Two motifs ([AU]A[CGU]AUGUA[CGU] and [CGU][CU]AUAGA.[ACU]) that had consensus sequences similar to previously identified motifs were found to be over-represented (Fig. 4a). The motif [AU]A[CGU]AUGUA[CGU] contains the core sequence, UGUA, that is recognized by the PUF family of RNA-binding proteins [60] and has previously been identified in T. brucei as targeting transcripts involved in the cell cycle [61,62,63]. The motif was over-represented in the black, pink, and darkturquoise modules (Fig. 4a). [AU]A[CGU]AUGUA[CGU] co-occurs with other motifs including [CGU]AAU.[AU]UA.,.UUUUUUA., [AC]GGA[AG]U[AG]A. and [AGU]UUUGGUU[AGU] (lighter colors in Fig. 4b). Co-occurrence of motifs means that they co-localize within the same untranslated region (UTR), which indicates that the presence of one motif implies the presence of its putative counterpart [19]. These co-occurring motifs may provide further information on post-transcriptional regulation. For instance, co-localization of two motifs close to each other on a transcript could imply physical interaction of their binding elements, hence their functional interaction [19].

The other motif, [CGU][CU]AUAGA.[ACU], was over-represented in the red and greenyellow modules (Fig. 4a). This consensus motif contains the core AUAGA sequence similar to CAUAGAA that has been implicated in cell cycle regulation [64, 65] and was previously predicted in T. brucei [63]. Notably, genes in the red module were enriched for cell cycle functions while those in the greenyellow module were enriched for microtubule-associated functions, including motility (Additional file 13: Figure S7). Motility in T. brucei is mediated through the flagellum [66]. Importantly, flagellum motility is essential for completion of the cell division [67, 68] suggesting co-regulation of genes in the greenyellow module together with those in the red module. The motif [CGU][CU]AUAGA.[ACU] does not co-occur with other motifs, which possibly suggests that its functions have opposing effects compared with functions of the other motifs (Fig. 4b).

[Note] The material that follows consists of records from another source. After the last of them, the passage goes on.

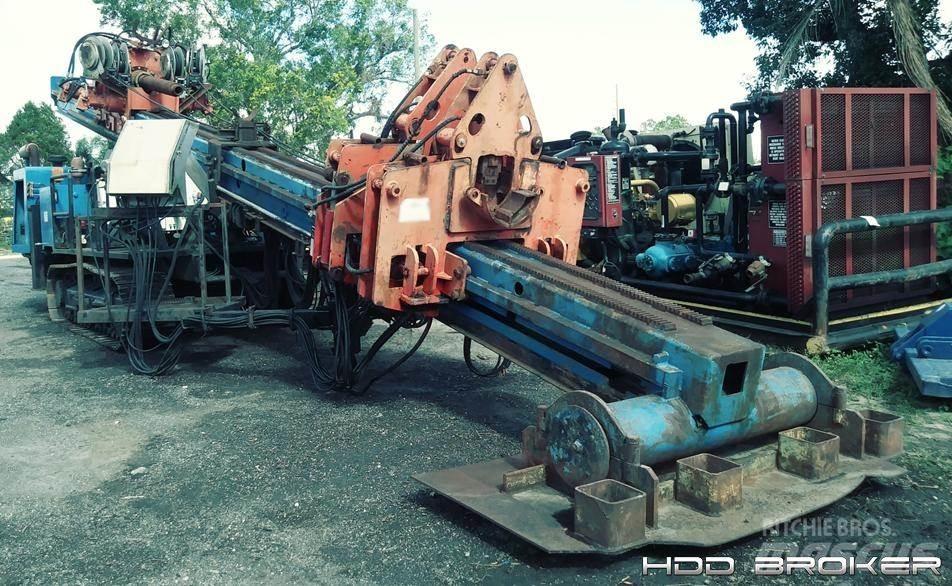American Augers DD-90 Пробивни машини за хоризонтално сондиране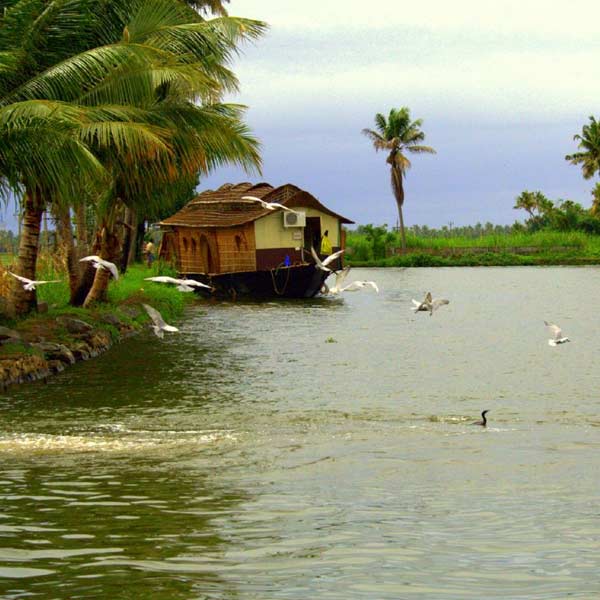 Mumbai Goa Cochin Tour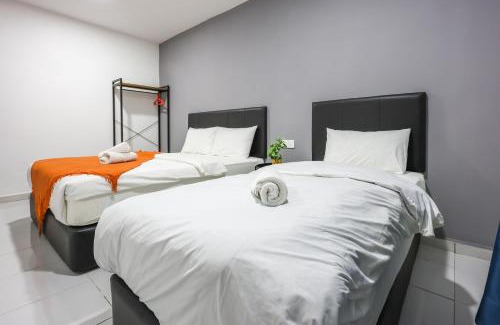 Brinchang Apartamento | Comfort & Joy Family Homestay In Cameron Highland Clover Home 7-22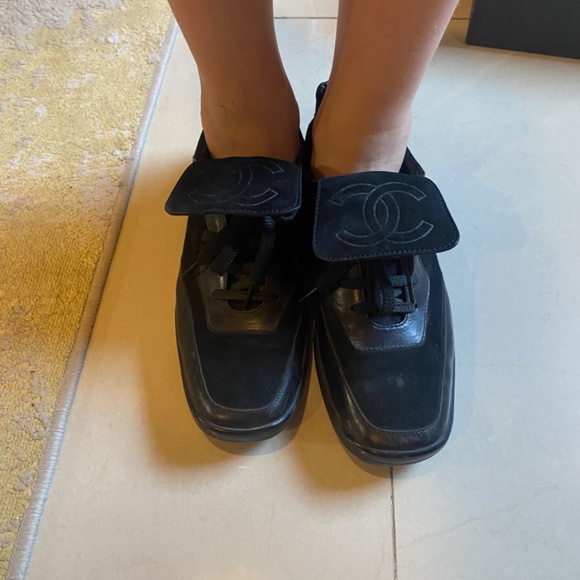 Vintage chanel senakers - Picture 3 of 11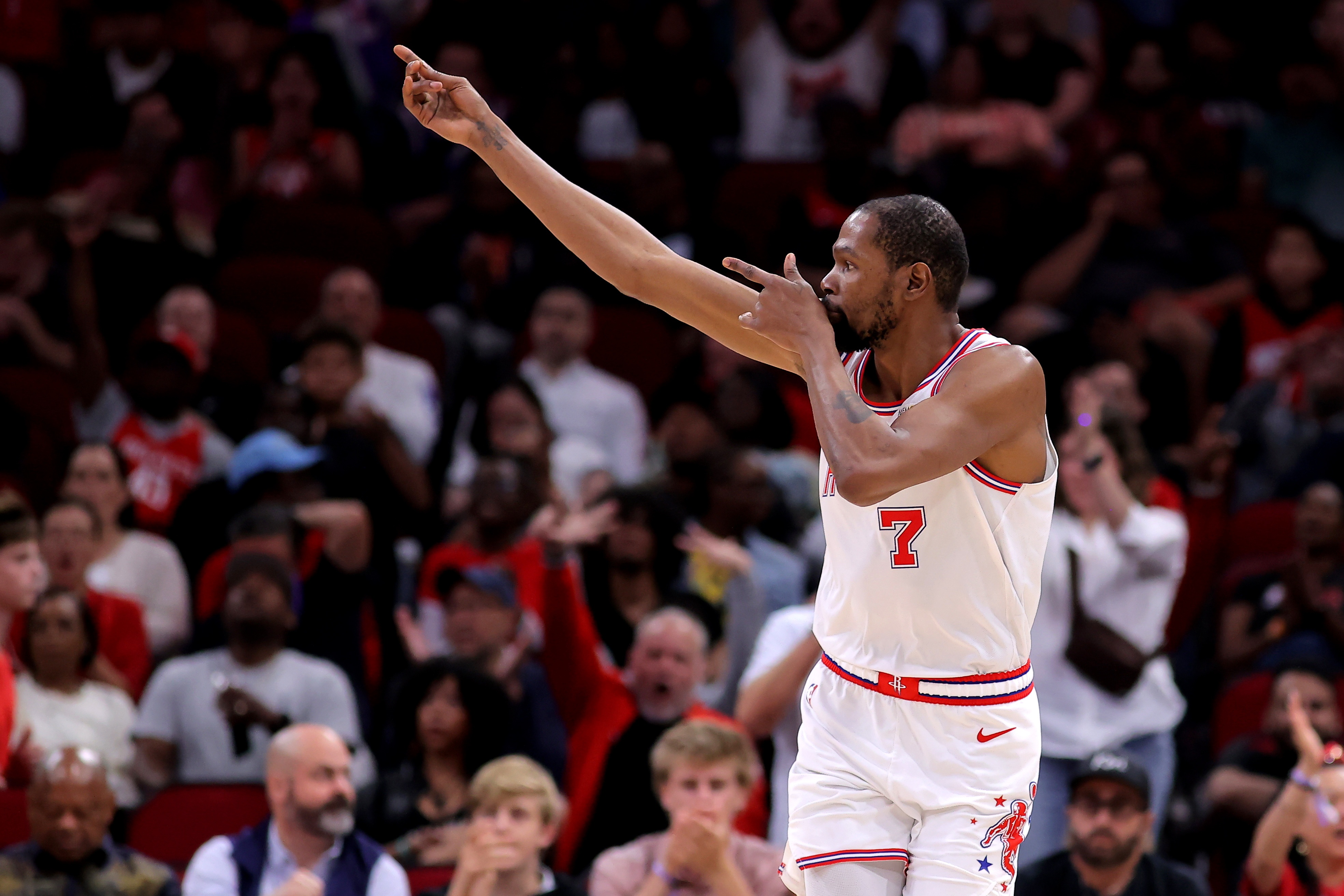 杜兰特:高中生应直接进入NBA 大学体育早该付钱给球员了 杜兰特:高中生应直接进入NBA 大学体育早该付钱给球员了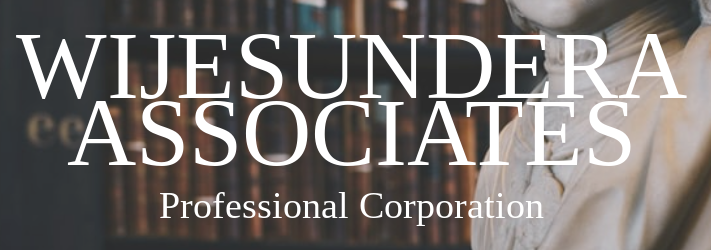Wijesundera Associates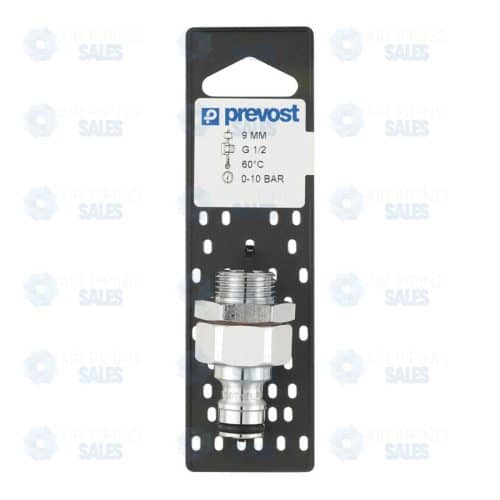 Prevost ELP Series Male Thread Water Plug 1 Prevost Elp Series Male Thread Water Plug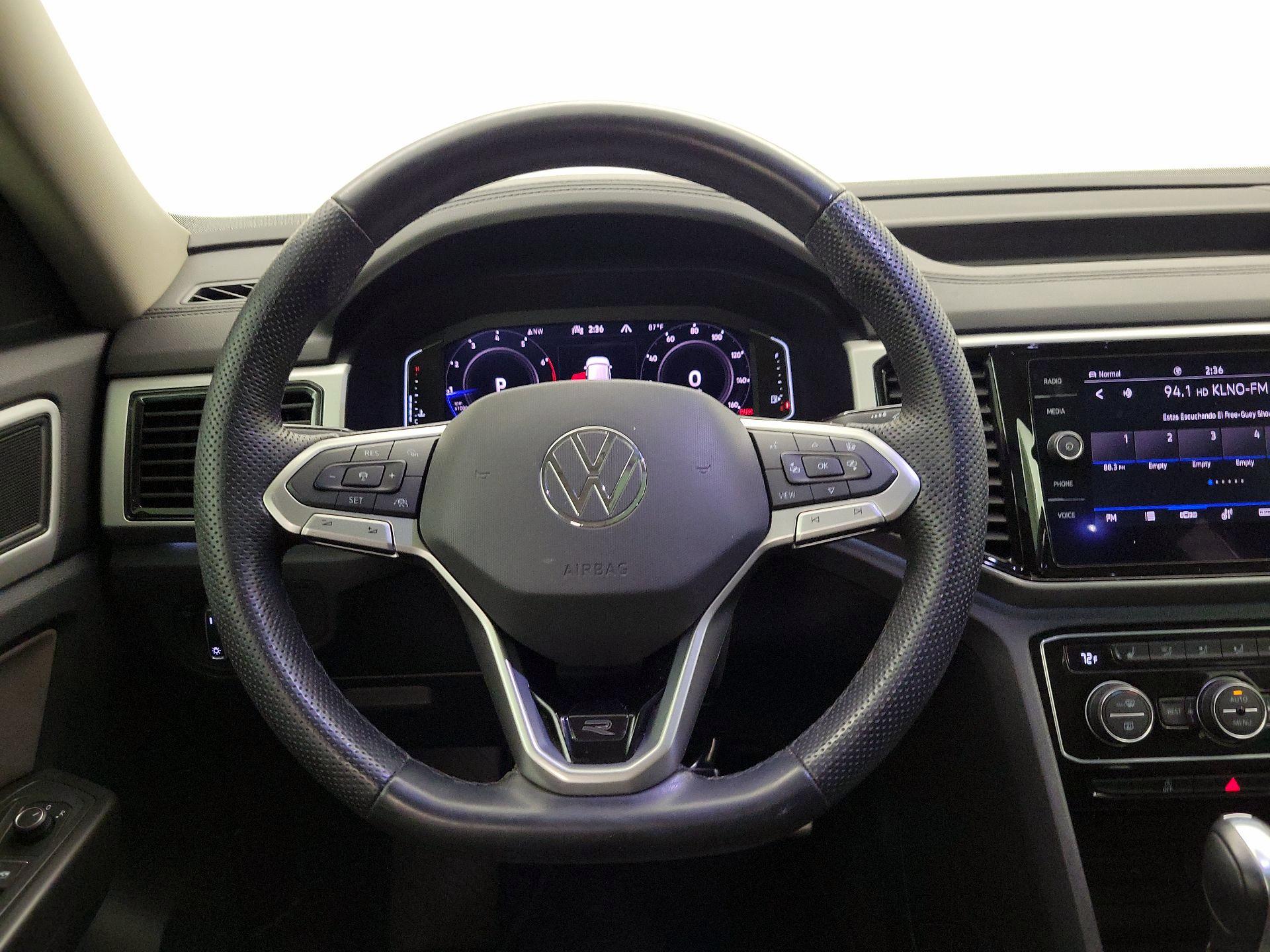 Thumbnail: 2022 Volkswagen Atlas - 10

Overall, characterization of these identified cis-regulatory elements will advance our knowledge on post-transcription gene regulation and provide potential chemotherapeutic targets against key regulatory functions in T. brucei for disease control.

Conclusions

Construction of the T. brucei gene co-expression network provides a valuable resource for identifying candidate genes for experimental work. These candidate genes could be important in elucidating molecular mechanisms that underlie important biological processes during the parasite’s development in tsetse fly. Our results indicate correspondence between the enriched functions of module genes, particularly the identified hub genes, and known T. brucei biology. This illustrates the effectiveness of the co-expression network analysis as an approach to explore functionally relevant genes in T. brucei development in tsetse fly. Furthermore, the hub genes from this study that encode proteins whose functional roles are still unknown could be used to inform research focus and priorities while performing in vitro studies. Knowledge on T. brucei development in the tsetse fly vector is crucial in identifying key targets to block transmission of these medically and economically important parasites.